On Fri, 2010-04-30 at 06:16 +0100, Graeme Fowler wrote:
> On Wed, 28 Apr 2010 16:47:10 +0100, Ron White <exim.ml@???> wrote:
> > As my ACL grows It has crossed my mind that for every acl stanza making
> > use of a MySQL that fires off, there is the roundtrip cost of the query.
> > Whilst some of the lookups can be optimised by ACL layout, I'm not going
> > to be able to avoid some similar very similar queries when I check my
> > database for certain flags being set on a per user basis.
>
> Please do note that for exactly similar - ie. identical :) - queries in
> the same message session, Exim will cache the results anyway:
>
> http://www.exim.org/exim-html-current/doc/html/spec_html/ch09.html#SECID64
>
> I've built a few systems which handle a relatively large volume (ie.
> >100000 messages/day being delivered) which use MySQL, and in all cases the
> database itself has not been a bottleneck.
>
> If you run a mock SMTP session as follows:
>
> exim -d+all-memory -bh [insert valid IP here] 2>&1 | tee session.out
>
> ...then input all the relevant EHLO/HELO, MAIL FROM and RCPT TO commands
> followed by DATA with a valid message, you'll get all the debug output in
> the file session.out. This should let you check just how (sub)optimal your
> query formation is - what you're looking for are lines like this:
>
> 02:45:30 32556 cached data used for lookup of SELECT dir FROM etable WHERE
> name='graeme@???' limit 1
>
> ooh, I saved myself a single query ;-)
>
> Graeme
>
>
Thanks Graeme,
I know that MySQL is very capable and I'm reasonably sure it won't be an
issue to fire of five or six queries per message. At the moment the
Postfix I'm using makes a large number of (unavoidable) queries per mail
and never misses a beat.
I guess I just felt it would be more 'efficient' to pull out as much
data as I needed in various ACL stanzas in a single hit. Each query is
slightly different as the ACL runs, so they probably would not cache.
Thanks for that useful one liner. I see a few 'cached data used for
lookup of SELECT dom_name FROM domains WHERE dom_name=' in a couple of
places. Up to now I've just been tailing the mysql query log, but this
method is straight from the horses mouth. Thanks :-)

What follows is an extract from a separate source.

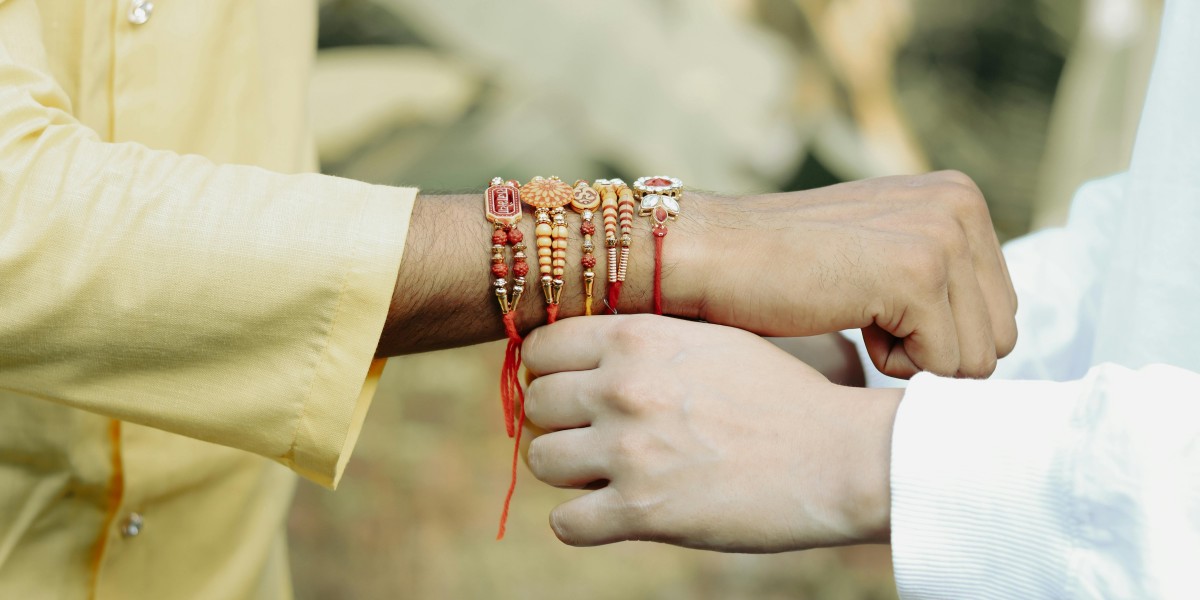 Express Rakhi Delivery to Houston – What You Need to Know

I think I'm pretty happy with a sensible mix of doing both as 'query
balancing'. For sure I don't want it to become a time sync or make
things illegible in the runtime configuration.
Moving on from that - today I turn my attention to Clamav and Exim and
in particular SELinux on the Cent5 box. The installation was really easy
but there are some issues with clam being able to access files in
the /scan directory.
This is a subject I know nothing about, but want to resist the
temptation to do the defacto 'disable SELinux'. Luckily I have the
weekend ahead to study and see if I can work it out. Wish me luck!